Congo – Mars 1977 : Émile Biayenda et Marien Ngouabi, ultimes destins croisés pour la paix et l'amour du Congo

Le 22 mars 1977, alors que la douleur et l'émotion causées par la mort du président Marien Ngouabi ne sont pas encore retombées, les congolais apprennent l'assassinat du cardinal Émile Biayenda. 40 ans après, l'histoire retient le sens du sacrifice de deux hommes morts pour le Congo.

" Être absent de Brazzaville serait une horrible catastrophe pour l’Église du Congo. J’y suis, j’y reste. Je préfère donner ma vie comme le Christ, pour sauver mon clergé et mon Église, que d’aller me cacher, je ne sais où. Il faut un ou plusieurs sacrifiés pour la paix de la nation. Prions beaucoup Marie, Mère de miséricorde, pour obtenir la paix et l’unité nationale, notre pays lui a été confié ".

Ces propos du cardinal Émile Biayenda qui, Informé que des personnes voulaient attenter à sa vie, refusa les propositions de la délégation du Conseil Paroissial venue droit de Moungali et de nombreuses personnes de quitter le diocèse pour sauver sa peau, sont une preuve de courage face à la mort qui le guettait.

Émile Biayenda avait fait en toute innocence, comme Christ, le choix du « sacrifice expiatoire ».

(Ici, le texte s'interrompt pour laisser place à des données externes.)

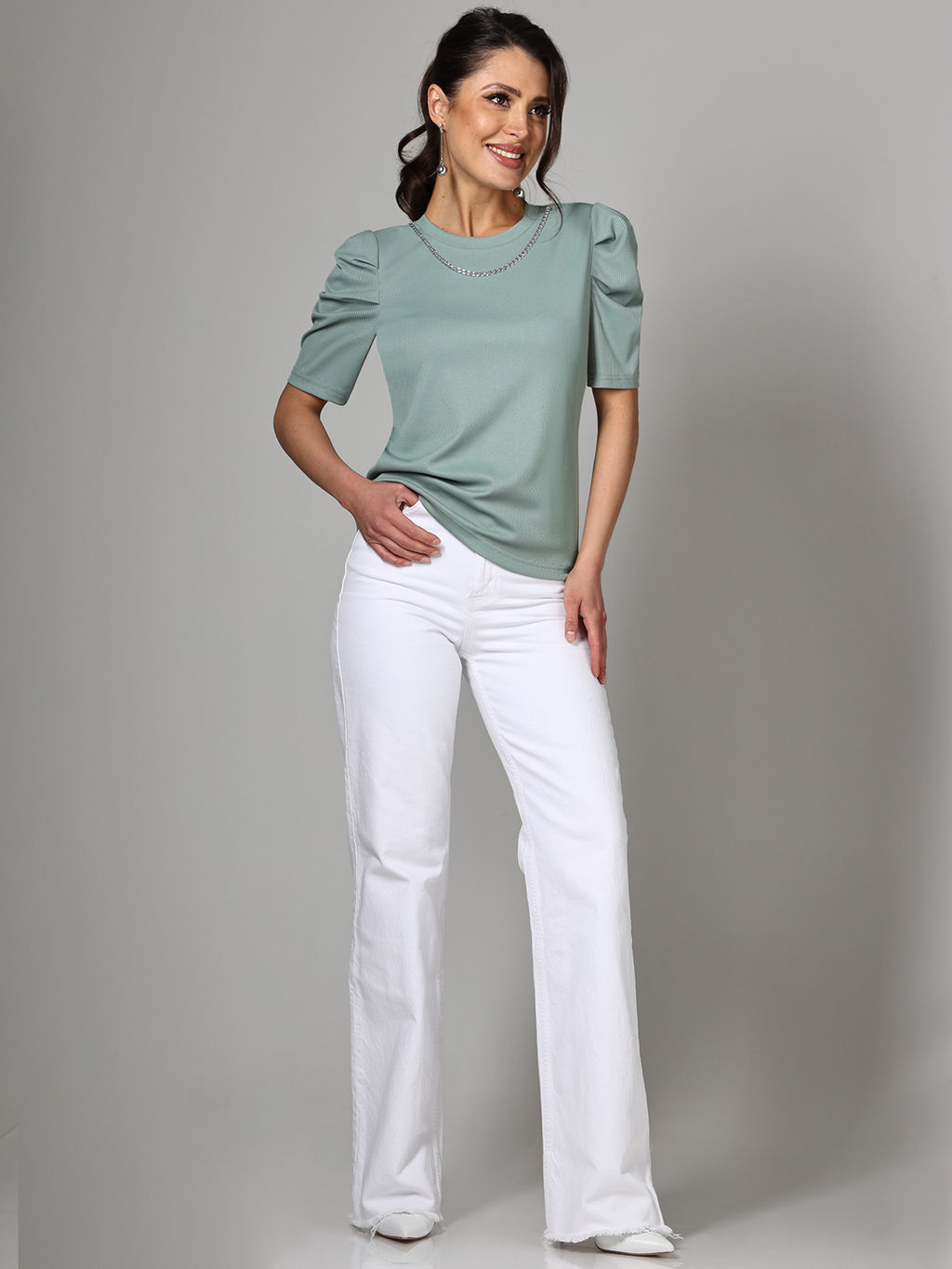 Блузка Дженнифер, браво - Dstrend фото 5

À l'instar du cardinal, le président Marien Ngouabi avait, presque dans les mêmes termes, évoqué la perspective de sa mort, le 13 mars 1977, lors du discours marquant la célébration de l'anniversaire de l’union révolutionnaire des femmes du Congo (URFC), place de l'hôtel de ville de Brazzaville.  

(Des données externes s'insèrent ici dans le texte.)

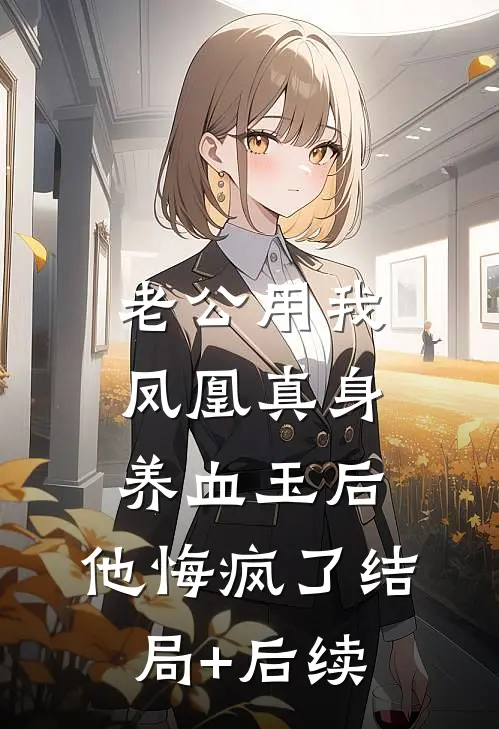 老公用我凤凰真身养血玉后，他悔疯了结局+后续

« Lorsque ton pays est sale et manque de paix durable, tu ne peux lui rendre sa propreté et son unité qu’en le lavant avec ton sang».

À la mort du président Marien Ngouabi, les tensions sont telles que beaucoup redoutent une explosion de cette société congolaise fragilisée par les querelles tribales.

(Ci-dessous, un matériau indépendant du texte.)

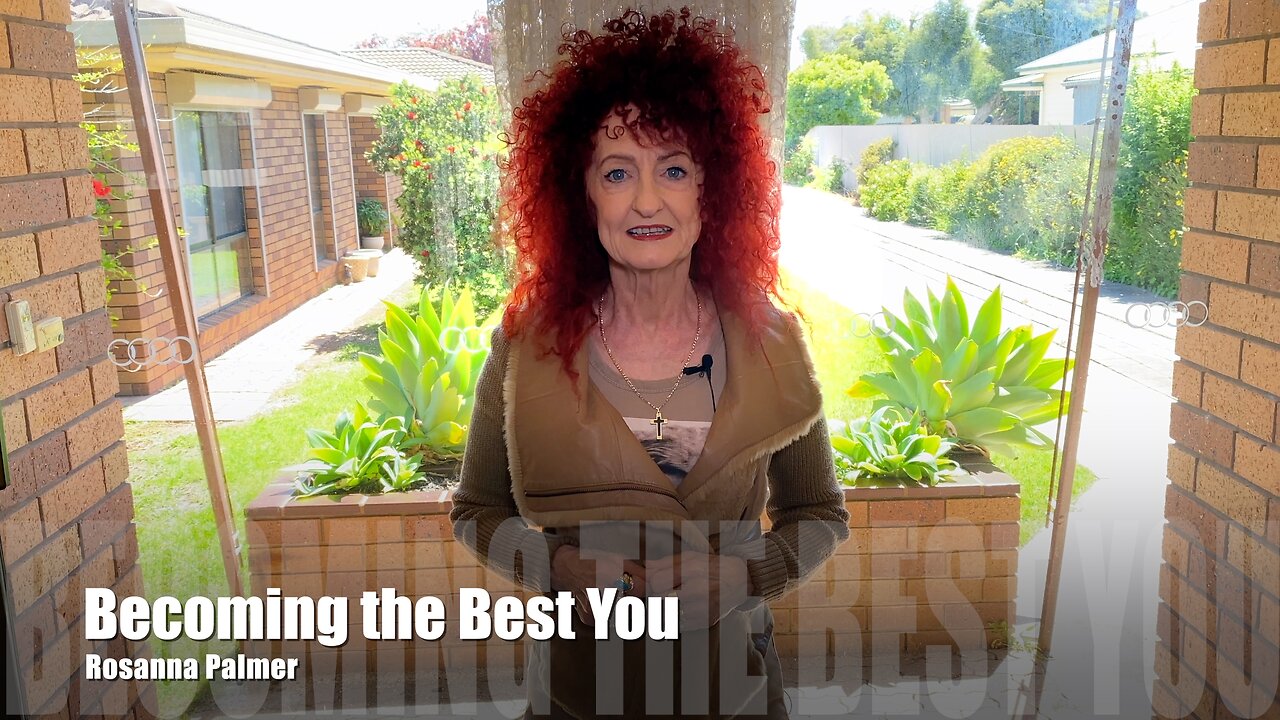 Becoming the Best You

Épris de justice et de paix, voyant les Congolais en émoi et Brazzaville au bord de la guerre civile, le Cardinal Emile Biayenda, au nom de ses pairs du Conseil œcuménique des églises chrétiennes du Congo lança le mémorable appel pathétique pour exhorter tout le peuple congolais à la paix en ces termes :

 « À tous nos frères croyants, du nord, du centre et du sud, en mémoire du président Marien Ngouabi, nous demandons beaucoup de calme, de fraternité et de confiance en Dieu, Père de toutes races et de toutes tribus, afin qu’aucun geste déraisonnable ne puisse compromettre un climat de paix que nous souhaitons tous".

Marien Ngouabi président marxiste et Émile Biayenda, homme d'église avaient en partage l'amour du Congo. Leurs points de vue convergeaient et en dépit de la ligne du parti, le président Marien Ngouabi renoua les relations avec le Vatican, rompues plusieurs années auparavant.

"L’église a pour raison d’être, de promouvoir la paix, l’unité, la fraternité. Elle s’est toujours considérée comme le début d’un monde unifié, d’une humanité fraternelle, en proposant à tous les hommes le motif essentiel de notre union en unité, à savoir que tous, croyants et incroyants, tous les hommes de toutes races, langues et nationalités, nous sommes frères, tous, nous n’avons qu’un Père, Dieu. Et, c’est dans la mesure où l’Église aura les mains libres pour annoncer cette bonne nouvelle à qui veut l’entendre que notre Église contribuera encore à l’unité des congolais "  soutenait le cardinal auprès de son ami de président.

Amis, les deux hommes l'étaient devenus et le président Marien Ngouabi envisageait déjà de rendre à l'Église tous ses biens confisqués par la révolution.

Comme Marien Ngouabi, le cardinal Émile Biayenda était mort en martyr.

Le jour de ses obsèques, comme pour Marien Ngouabi, le tout Brazzaville avait convergé vers la cathédrale du Sacré-cœur, pour l'adieu à l'enfant du pays.

Le Congo tout entier porta et porte encore le deuil de son pasteur, le seul cardinal du pays à ce jour.